Businesses held inventory growth in June to the smallest gain in 15 months, suggesting to some analysts that the economy entered the second half of the year with little risk of falling into recession.
Economists had been concerned that as sales slowed earlier in the year, businesses would be caught with excess stocks, leading to major production cuts and lost jobs.
But Robert G. Dederick, economic consultant for Northern Trust Co. in Chicago, said, “The inventory correction seems to be proceeding nicely.”
“It has slowed the economy temporarily to a halt, but it didn’t trip it into a full recession,” he said. “Chances are at this point it isn’t likely to.”
The Commerce Department said Monday that inventories edged up just 0.2% in June, the smallest advance since stockpiles fell 1% in March, 1994.
The gain was less than the 0.3% expected by many analysts and just half the 0.4% growth a month earlier.
Inventories totaled a seasonally adjusted $958.5 billion, up from a revised $956.5 billion in May. The May total was initially estimated at $956.2 billion.

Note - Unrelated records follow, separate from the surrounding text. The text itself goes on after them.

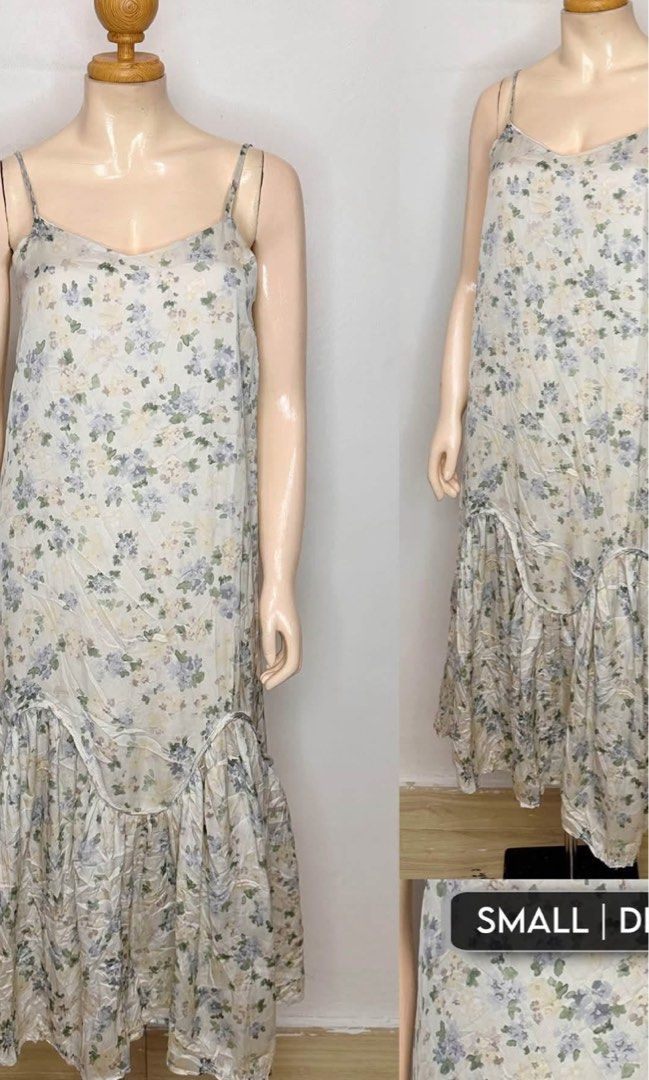 Flowy Botanical Maxi Dress (Category: Dresses) located in Cavite. Submitted by wishie_collects (Listing ID 1462240996, Image 2). Description: Size Large and Small 349 each but both can be worn by small body frame,.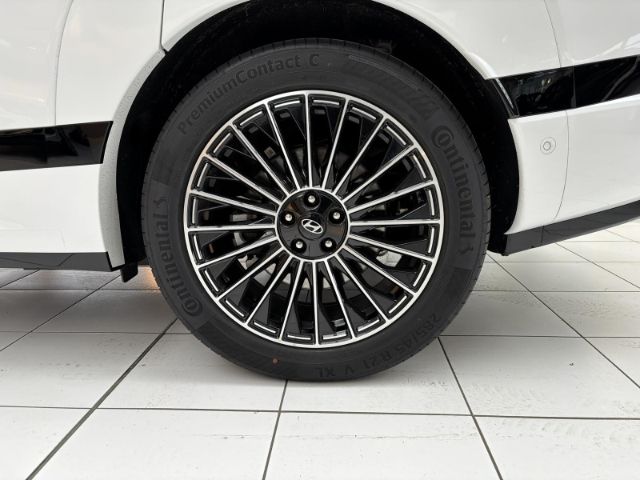 IONIQ 9 UNIQ 110kWh 4WD 6-SITZER+NAVI+360 GRAD K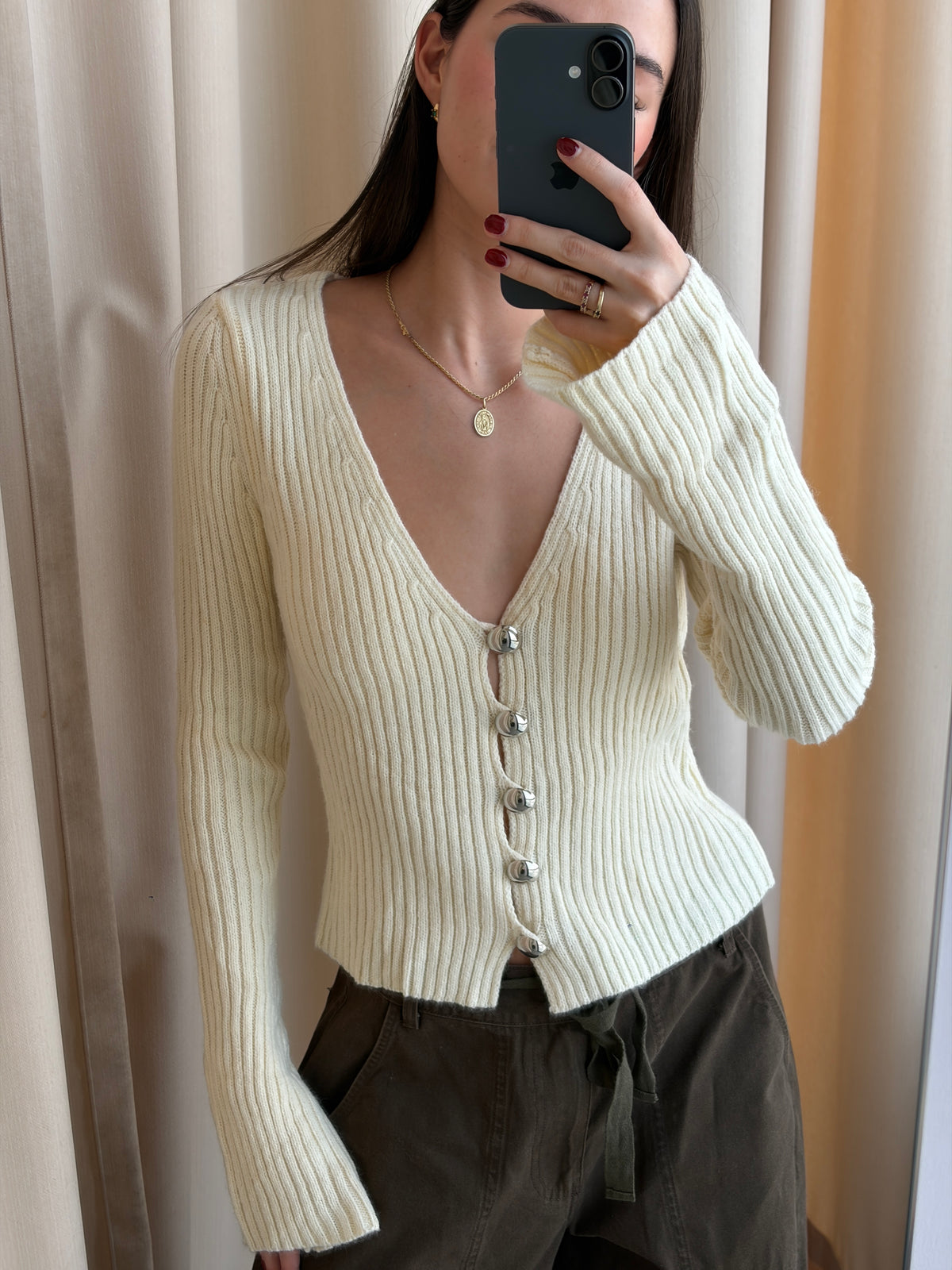 IVORY KNIT CARDIGAN SILVER BUTTON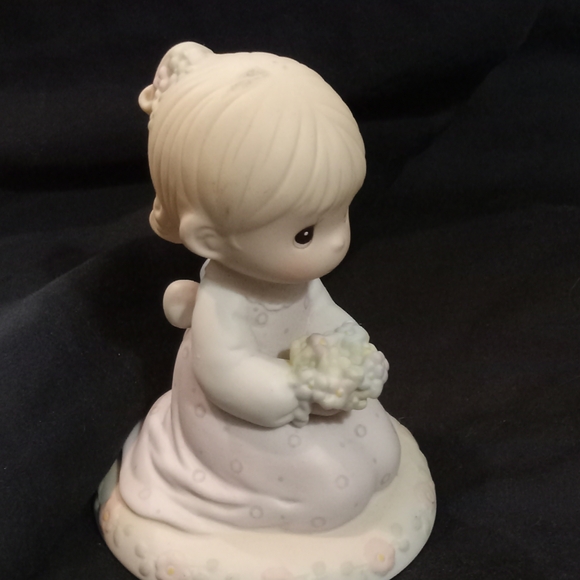 Precious Moments Cream and Pink Figurine - Picture 6 of 8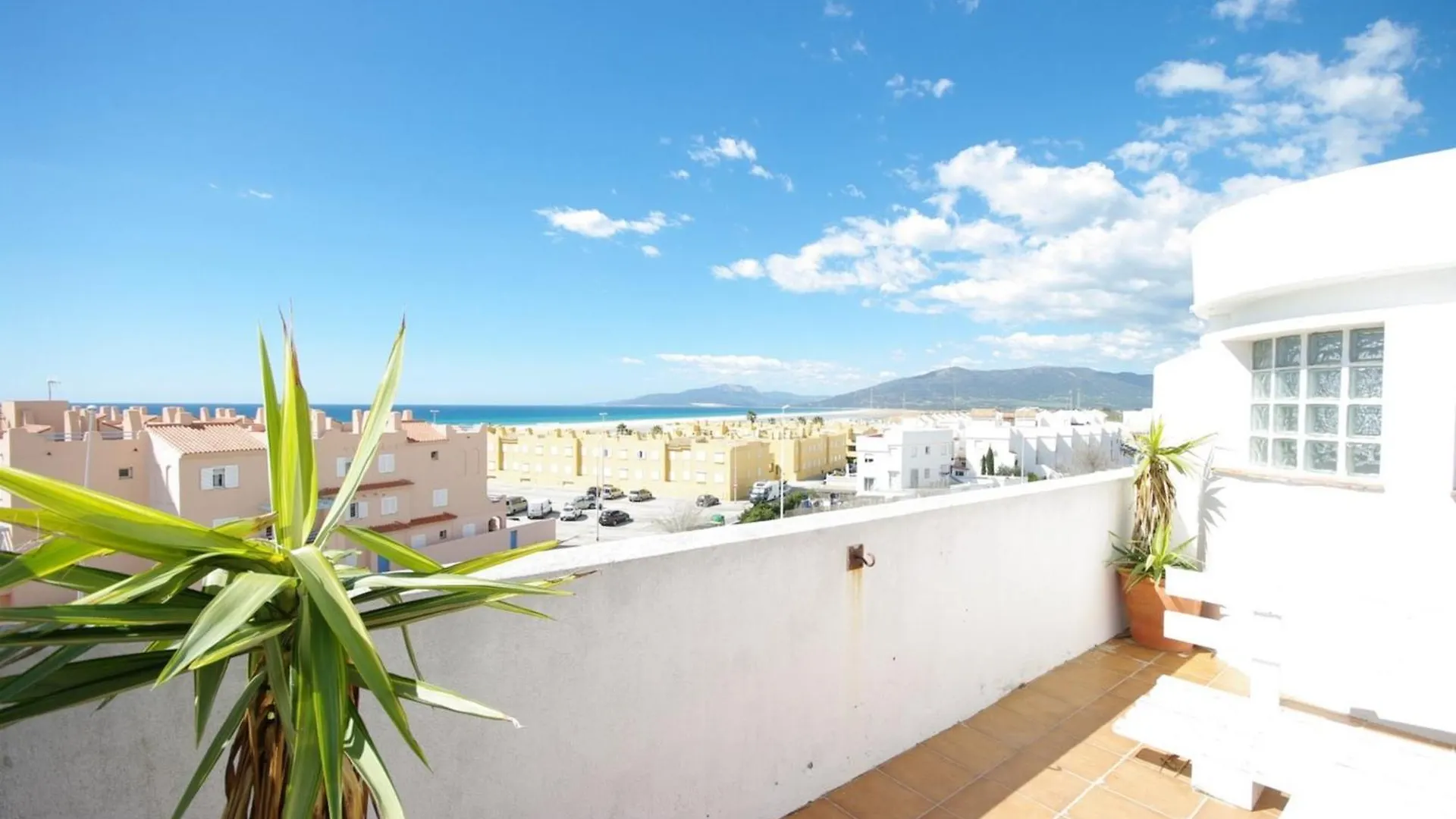 Livingtarifa Atico Altarik contacts
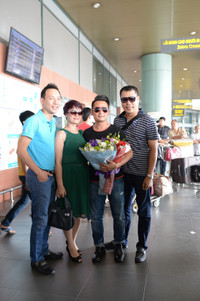 Bằng Kiều được fans Hà Nội chào đón nồng nhiệt ảnh 7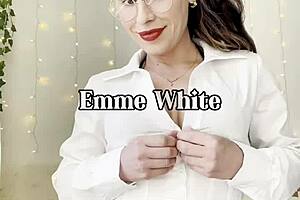 bubbly ass milf outdoor quickie.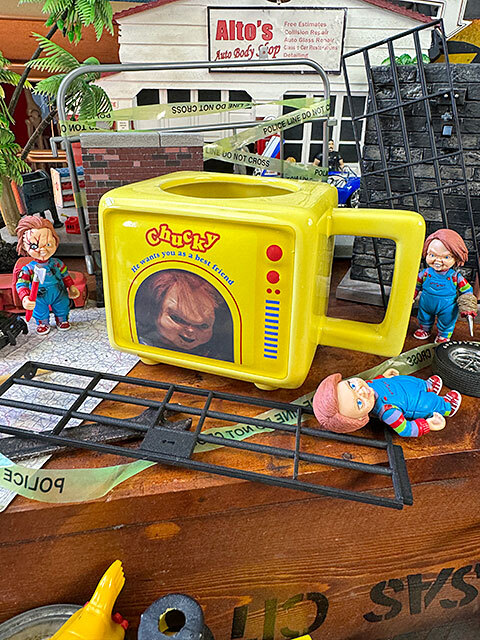 映画　チャイルドプレイ　チャッキー　テレビ型　オフィシャル　マジック　マグカップ　500ml　ヒートチェンジマグ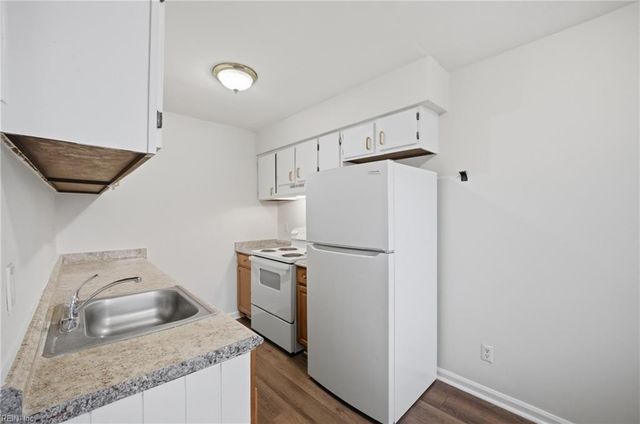 4914 E Princess Anne Rd Apt B6, Norfolk, VA 23502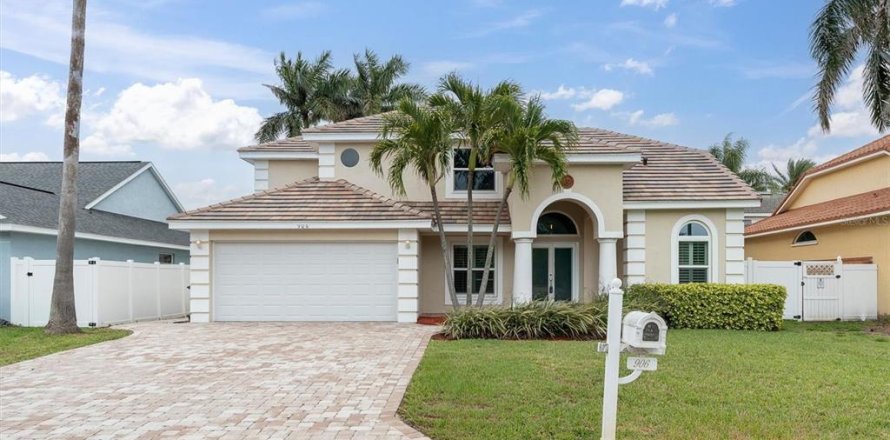 Villa ou maison à Tierra Verde, Floride 3 chambres, 206.24 m2 № 2223820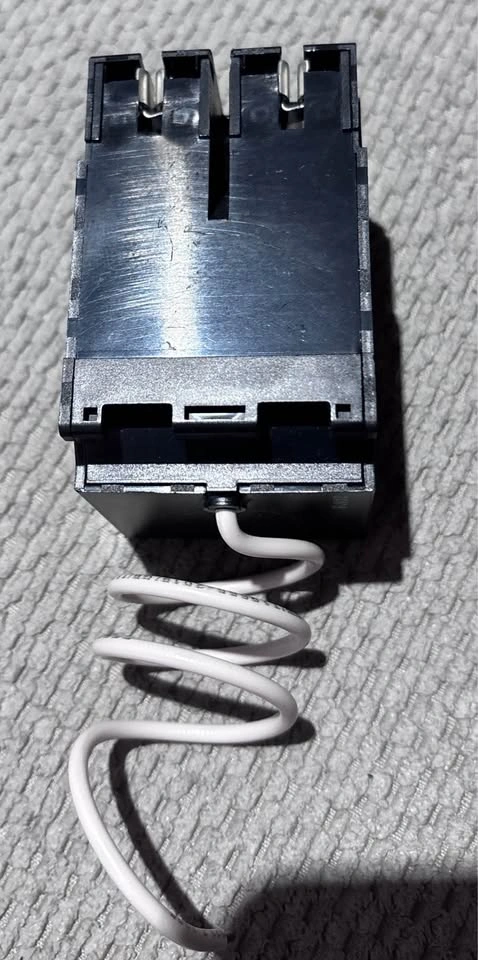 Plug-in Surge Protection Device 2-Pole 65kA 120/240V, 1Ø, 3W - photo 2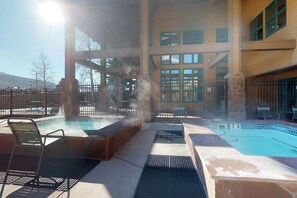 Piscine intérieure, piscine chauffée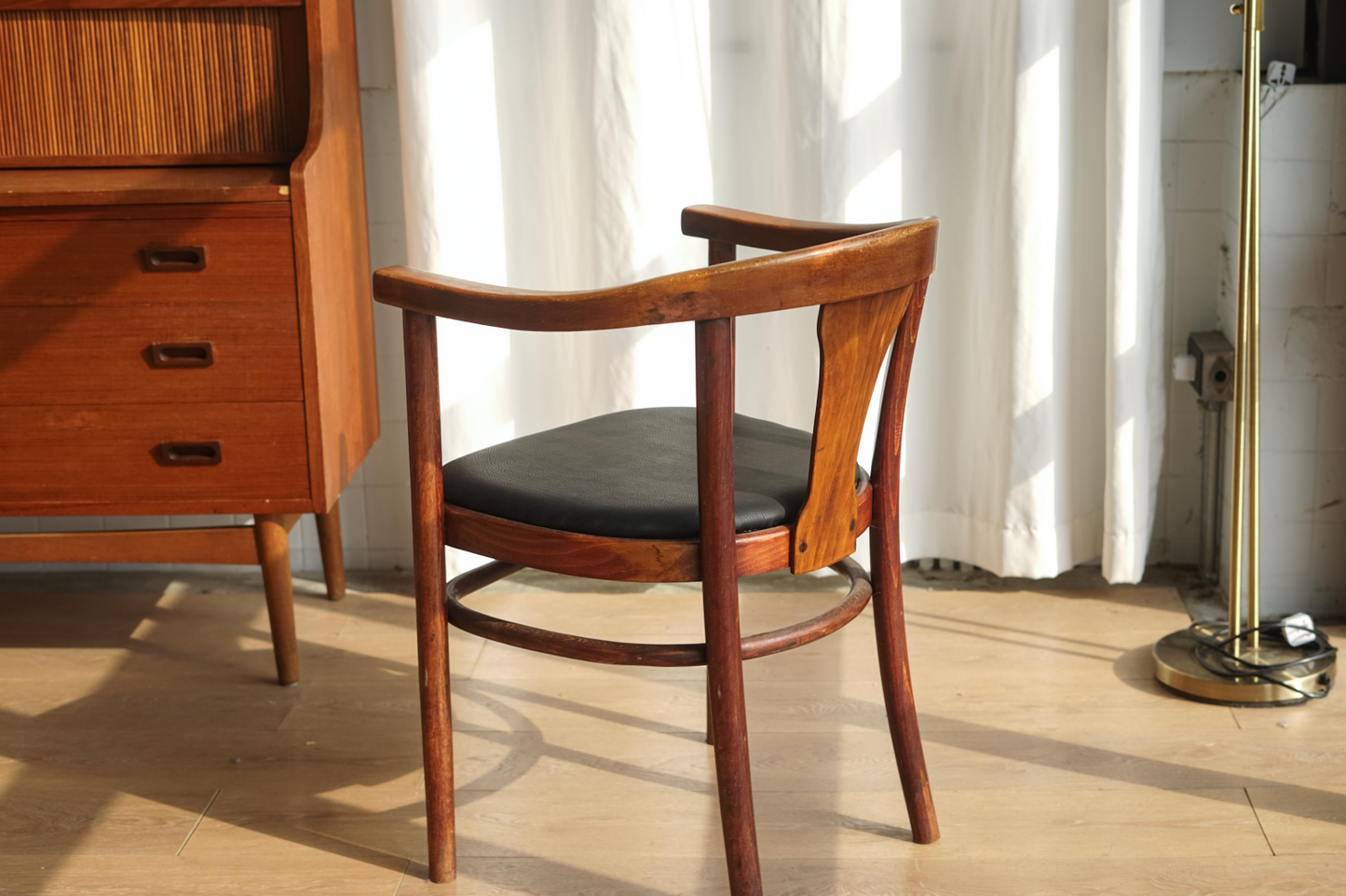 Thonet  楓木 古典 扶手餐桌椅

Although automobile dealers sliced 0.9% from their inventories in June, Dederick noted that signs of excess remained in some other sectors.
For example, inventories at stores selling furniture and other home furnishings grew 1%. But excluding car lots, stockpiles were up 0.4%.
At the same time, the Commerce Department said sales rose 0.7% to a seasonally adjusted $683.1 billion, up from a revised $678.4 billion a month earlier. The May total was originally said to be $676.6 billion.
As a result, the inventories-to-sales ratio was 1.40 in June, down from 1.41 in May and the lowest since 1.38 last January. It had risen to 1.45 in April.